======== Data section ========

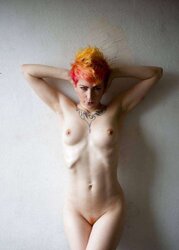 Crimson haired queen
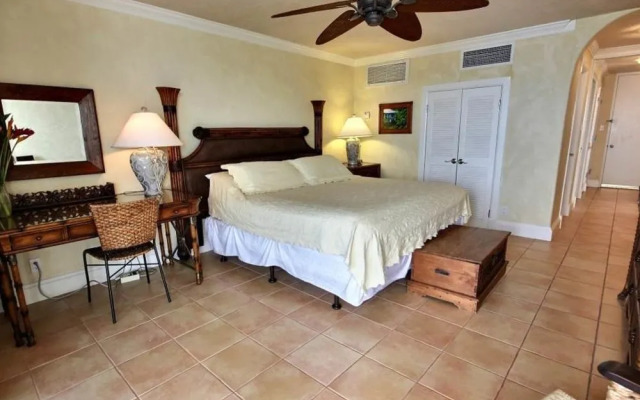 Lahaina Shores 501 by RedAwning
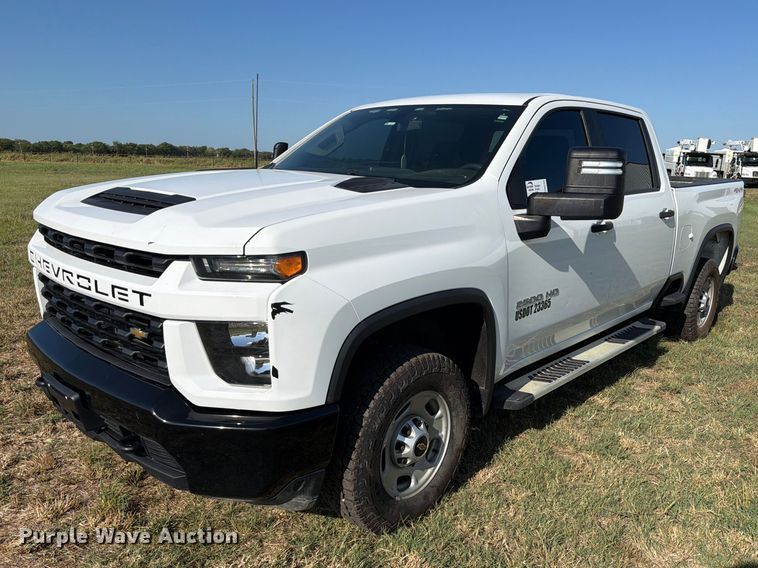 2022 Chevrolet Silverado 2500HD Crew Cab pickup truck - FK5164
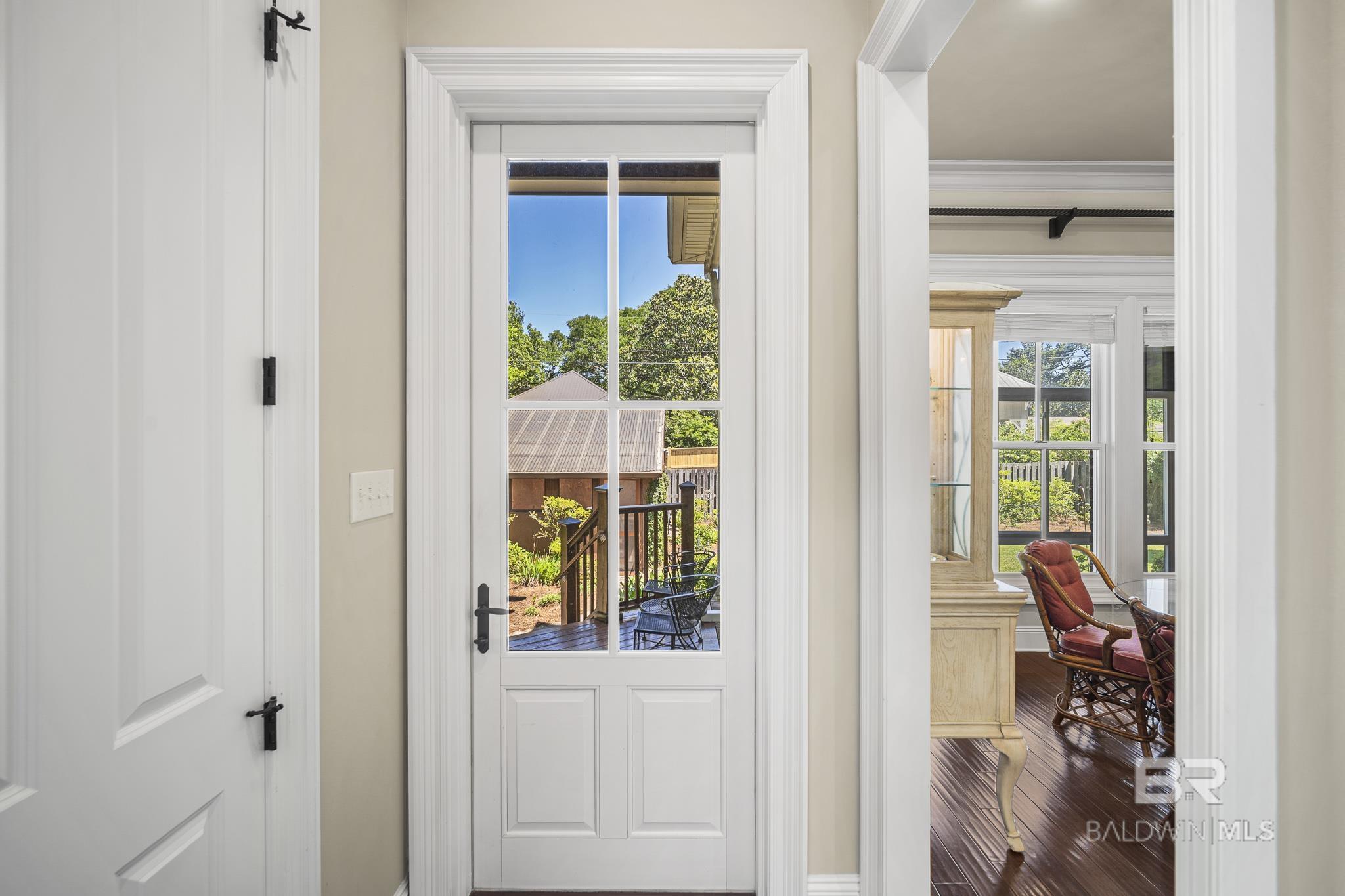 https://zimg.paragon.ice.com/ParagonImages/Property/PG/BCAR/396103/43/0/0/249bf86930c7e716e3ad48c016abcb0e/7/41da0cfc536c3341bafbea518381d856/396103-e9ce2bc8-152e-404e-8b51-5f6f4c6eae23.JPG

========

* Work task: Without the pictures, repeat the listing exactly as it reads.

* Solution to the problem:
 Crimson haired queen
 Lahaina Shores 501 by RedAwning
 2022 Chevrolet Silverado 2500HD Crew Cab pickup truck - FK5164
 https://zimg.paragon.ice.com/ParagonImages/Property/PG/BCAR/396103/43/0/0/249bf86930c7e716e3ad48c016abcb0e/7/41da0cfc536c3341bafbea518381d856/396103-e9ce2bc8-152e-404e-8b51-5f6f4c6eae23.JPG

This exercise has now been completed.